┌─ Source data

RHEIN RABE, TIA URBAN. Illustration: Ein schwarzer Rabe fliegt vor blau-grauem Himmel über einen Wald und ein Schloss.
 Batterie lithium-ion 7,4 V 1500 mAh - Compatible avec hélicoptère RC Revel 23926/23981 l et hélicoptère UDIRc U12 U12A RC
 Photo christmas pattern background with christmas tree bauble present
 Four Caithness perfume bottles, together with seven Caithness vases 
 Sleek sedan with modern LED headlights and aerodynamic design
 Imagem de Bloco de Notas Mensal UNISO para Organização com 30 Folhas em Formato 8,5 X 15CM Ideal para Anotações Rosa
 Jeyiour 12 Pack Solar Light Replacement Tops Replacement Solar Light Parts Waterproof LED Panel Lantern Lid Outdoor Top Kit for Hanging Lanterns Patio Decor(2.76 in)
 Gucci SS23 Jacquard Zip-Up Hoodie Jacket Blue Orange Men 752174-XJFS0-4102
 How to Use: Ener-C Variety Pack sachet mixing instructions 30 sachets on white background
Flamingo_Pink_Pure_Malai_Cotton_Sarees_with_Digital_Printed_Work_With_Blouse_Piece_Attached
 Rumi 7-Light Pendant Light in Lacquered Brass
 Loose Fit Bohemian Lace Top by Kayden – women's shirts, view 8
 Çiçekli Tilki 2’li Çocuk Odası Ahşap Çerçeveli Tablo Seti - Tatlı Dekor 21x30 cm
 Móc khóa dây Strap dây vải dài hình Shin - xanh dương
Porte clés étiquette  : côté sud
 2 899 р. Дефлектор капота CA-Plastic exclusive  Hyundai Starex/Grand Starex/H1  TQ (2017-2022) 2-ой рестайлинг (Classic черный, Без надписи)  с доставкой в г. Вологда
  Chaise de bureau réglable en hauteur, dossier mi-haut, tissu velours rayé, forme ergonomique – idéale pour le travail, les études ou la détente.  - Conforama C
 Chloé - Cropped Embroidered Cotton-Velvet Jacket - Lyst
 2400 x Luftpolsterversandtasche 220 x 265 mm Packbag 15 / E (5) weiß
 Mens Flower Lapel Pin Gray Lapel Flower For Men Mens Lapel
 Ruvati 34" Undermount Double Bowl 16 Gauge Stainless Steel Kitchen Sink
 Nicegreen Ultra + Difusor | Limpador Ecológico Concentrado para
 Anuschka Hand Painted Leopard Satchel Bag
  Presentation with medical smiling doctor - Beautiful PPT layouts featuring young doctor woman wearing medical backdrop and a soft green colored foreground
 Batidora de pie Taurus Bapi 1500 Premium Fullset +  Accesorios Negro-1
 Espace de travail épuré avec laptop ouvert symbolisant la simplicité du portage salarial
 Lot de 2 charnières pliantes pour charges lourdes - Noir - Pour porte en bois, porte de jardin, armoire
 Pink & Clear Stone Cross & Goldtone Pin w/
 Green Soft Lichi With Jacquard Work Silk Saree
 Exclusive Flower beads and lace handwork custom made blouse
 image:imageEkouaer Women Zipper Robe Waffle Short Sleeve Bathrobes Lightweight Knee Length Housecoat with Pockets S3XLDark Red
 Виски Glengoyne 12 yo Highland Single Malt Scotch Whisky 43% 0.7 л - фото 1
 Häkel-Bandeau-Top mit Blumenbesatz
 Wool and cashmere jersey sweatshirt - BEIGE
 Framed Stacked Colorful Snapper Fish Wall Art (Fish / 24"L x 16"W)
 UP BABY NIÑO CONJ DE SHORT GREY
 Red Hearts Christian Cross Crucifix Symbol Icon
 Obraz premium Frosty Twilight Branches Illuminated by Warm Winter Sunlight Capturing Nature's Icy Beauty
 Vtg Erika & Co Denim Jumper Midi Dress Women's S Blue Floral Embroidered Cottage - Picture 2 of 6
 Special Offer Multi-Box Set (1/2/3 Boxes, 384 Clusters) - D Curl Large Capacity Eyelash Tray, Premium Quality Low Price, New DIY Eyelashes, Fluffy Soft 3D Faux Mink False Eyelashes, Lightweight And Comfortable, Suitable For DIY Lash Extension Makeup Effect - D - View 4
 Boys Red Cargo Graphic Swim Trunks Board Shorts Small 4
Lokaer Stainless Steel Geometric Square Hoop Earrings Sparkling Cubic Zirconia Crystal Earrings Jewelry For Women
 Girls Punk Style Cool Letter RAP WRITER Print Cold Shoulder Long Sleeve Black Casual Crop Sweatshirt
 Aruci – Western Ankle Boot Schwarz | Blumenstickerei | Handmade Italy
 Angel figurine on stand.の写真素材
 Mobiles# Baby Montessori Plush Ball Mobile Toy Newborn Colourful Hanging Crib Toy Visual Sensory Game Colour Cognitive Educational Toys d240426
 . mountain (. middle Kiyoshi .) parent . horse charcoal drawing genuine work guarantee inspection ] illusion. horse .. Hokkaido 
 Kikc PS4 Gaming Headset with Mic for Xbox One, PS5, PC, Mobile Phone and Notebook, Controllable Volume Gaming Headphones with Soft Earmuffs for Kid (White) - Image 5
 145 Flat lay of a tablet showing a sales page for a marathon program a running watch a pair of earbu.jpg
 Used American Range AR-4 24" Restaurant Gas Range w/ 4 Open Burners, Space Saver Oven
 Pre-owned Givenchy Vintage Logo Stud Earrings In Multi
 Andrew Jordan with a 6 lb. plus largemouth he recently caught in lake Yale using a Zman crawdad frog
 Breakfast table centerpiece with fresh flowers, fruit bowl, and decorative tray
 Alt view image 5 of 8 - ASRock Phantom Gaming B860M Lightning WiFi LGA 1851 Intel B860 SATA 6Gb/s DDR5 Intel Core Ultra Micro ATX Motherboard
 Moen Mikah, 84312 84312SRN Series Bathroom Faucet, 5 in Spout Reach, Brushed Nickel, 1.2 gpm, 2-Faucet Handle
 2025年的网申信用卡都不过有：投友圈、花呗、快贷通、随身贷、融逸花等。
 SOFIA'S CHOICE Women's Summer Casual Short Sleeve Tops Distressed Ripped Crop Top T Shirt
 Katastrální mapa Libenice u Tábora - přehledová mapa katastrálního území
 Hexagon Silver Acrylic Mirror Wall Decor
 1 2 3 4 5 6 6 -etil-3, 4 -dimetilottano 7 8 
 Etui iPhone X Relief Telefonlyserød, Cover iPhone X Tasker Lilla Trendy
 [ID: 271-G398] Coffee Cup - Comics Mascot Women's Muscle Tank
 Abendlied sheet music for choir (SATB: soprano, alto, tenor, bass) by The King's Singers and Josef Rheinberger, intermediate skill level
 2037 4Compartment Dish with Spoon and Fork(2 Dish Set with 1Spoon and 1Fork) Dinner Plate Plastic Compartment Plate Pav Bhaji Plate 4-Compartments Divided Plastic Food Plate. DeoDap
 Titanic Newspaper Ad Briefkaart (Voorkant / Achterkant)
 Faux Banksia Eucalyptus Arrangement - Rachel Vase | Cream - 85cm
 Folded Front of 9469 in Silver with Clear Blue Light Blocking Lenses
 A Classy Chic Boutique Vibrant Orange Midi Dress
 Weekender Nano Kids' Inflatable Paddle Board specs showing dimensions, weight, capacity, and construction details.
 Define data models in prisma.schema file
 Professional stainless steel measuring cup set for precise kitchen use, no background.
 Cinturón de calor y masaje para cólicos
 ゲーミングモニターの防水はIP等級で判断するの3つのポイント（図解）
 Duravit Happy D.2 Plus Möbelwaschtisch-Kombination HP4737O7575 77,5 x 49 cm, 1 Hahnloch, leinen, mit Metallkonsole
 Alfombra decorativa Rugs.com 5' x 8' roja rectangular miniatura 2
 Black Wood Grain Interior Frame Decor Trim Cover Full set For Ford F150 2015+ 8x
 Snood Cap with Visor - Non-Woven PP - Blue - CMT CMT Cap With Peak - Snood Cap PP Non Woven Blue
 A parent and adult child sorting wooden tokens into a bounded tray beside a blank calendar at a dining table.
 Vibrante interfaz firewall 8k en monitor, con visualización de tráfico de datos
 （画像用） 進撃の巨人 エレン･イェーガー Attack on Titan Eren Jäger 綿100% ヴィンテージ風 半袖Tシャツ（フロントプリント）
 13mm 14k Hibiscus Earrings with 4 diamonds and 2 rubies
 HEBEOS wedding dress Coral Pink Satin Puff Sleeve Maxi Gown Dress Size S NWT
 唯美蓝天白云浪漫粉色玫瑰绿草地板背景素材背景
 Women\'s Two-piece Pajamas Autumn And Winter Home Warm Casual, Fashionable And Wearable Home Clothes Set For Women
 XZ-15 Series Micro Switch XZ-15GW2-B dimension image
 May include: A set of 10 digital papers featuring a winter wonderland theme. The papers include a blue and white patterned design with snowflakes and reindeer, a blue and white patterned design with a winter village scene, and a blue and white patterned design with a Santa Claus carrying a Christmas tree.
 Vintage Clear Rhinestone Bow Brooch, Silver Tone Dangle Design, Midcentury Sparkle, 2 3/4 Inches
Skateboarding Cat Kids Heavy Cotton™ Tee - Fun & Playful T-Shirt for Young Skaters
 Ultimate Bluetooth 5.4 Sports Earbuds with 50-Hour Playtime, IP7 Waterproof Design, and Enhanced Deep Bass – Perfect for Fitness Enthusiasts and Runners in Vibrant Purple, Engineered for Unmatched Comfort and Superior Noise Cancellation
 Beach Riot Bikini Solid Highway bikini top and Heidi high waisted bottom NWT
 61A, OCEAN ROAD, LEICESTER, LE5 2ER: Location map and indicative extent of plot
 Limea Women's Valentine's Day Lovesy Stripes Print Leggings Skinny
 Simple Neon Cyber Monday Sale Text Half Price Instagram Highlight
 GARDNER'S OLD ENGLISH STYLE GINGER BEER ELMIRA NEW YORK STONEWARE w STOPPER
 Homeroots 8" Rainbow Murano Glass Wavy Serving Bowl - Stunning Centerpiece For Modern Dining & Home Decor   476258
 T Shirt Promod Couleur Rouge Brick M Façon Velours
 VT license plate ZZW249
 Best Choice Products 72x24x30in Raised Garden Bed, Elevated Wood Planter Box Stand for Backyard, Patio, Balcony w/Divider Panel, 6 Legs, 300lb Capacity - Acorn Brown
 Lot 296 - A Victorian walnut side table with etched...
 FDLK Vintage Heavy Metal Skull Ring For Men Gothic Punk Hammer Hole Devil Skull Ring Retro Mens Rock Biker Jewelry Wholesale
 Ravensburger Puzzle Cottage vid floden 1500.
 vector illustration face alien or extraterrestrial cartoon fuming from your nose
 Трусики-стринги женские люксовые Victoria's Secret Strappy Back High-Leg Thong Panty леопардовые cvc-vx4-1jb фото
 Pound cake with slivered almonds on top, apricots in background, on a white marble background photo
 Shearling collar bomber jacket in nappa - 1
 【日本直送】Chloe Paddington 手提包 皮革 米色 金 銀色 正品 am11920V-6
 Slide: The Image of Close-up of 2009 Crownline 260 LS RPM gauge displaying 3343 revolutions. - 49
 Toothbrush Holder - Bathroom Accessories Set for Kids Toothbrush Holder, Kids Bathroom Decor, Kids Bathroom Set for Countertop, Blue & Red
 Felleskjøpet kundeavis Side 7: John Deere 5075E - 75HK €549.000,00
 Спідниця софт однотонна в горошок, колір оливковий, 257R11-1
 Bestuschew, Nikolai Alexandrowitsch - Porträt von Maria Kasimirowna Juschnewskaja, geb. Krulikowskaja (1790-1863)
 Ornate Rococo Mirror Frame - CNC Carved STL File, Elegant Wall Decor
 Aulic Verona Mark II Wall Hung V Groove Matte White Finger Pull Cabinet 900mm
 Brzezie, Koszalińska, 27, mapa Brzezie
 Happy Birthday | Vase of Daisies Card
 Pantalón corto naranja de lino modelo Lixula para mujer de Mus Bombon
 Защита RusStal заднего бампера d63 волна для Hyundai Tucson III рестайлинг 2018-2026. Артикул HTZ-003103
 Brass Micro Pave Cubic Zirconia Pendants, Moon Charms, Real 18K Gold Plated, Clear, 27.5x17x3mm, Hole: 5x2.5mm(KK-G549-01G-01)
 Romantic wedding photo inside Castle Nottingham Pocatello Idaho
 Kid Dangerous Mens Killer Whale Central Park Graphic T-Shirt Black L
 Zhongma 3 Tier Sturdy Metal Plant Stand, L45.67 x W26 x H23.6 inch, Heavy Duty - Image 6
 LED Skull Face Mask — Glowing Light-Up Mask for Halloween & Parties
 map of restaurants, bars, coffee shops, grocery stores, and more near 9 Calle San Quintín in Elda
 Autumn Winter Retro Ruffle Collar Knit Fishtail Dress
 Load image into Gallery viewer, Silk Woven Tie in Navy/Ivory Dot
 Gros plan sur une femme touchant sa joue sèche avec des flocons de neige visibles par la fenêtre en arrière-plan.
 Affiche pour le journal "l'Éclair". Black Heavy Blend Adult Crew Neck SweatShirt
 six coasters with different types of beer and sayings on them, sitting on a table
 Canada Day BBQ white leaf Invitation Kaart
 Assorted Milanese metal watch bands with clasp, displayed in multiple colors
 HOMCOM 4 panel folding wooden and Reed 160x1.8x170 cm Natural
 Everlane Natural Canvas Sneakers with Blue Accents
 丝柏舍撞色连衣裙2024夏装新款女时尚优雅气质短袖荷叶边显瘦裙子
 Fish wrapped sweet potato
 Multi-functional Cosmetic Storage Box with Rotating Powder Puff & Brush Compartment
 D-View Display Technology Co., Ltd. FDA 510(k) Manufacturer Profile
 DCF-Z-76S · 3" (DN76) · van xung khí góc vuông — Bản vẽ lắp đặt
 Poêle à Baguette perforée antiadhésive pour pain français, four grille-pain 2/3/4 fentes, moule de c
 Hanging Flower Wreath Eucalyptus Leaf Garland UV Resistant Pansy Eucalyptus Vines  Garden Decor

└─

Assignment:
Looking back over the data above, restate word for word the lines that begin at the line with "Cinturón de calor y masaje para cólicos" and end at the line with "綿100% ヴィンテージ風 半袖Tシャツ（フロントプリント）", inclusive.

Reply to the task:
 Cinturón de calor y masaje para cólicos
 ゲーミングモニターの防水はIP等級で判断するの3つのポイント（図解）
 Duravit Happy D.2 Plus Möbelwaschtisch-Kombination HP4737O7575 77,5 x 49 cm, 1 Hahnloch, leinen, mit Metallkonsole
 Alfombra decorativa Rugs.com 5' x 8' roja rectangular miniatura 2
 Black Wood Grain Interior Frame Decor Trim Cover Full set For Ford F150 2015+ 8x
 Snood Cap with Visor - Non-Woven PP - Blue - CMT CMT Cap With Peak - Snood Cap PP Non Woven Blue
 A parent and adult child sorting wooden tokens into a bounded tray beside a blank calendar at a dining table.
 Vibrante interfaz firewall 8k en monitor, con visualización de tráfico de datos
 （画像用） 進撃の巨人 エレン･イェーガー Attack on Titan Eren Jäger 綿100% ヴィンテージ風 半袖Tシャツ（フロントプリント）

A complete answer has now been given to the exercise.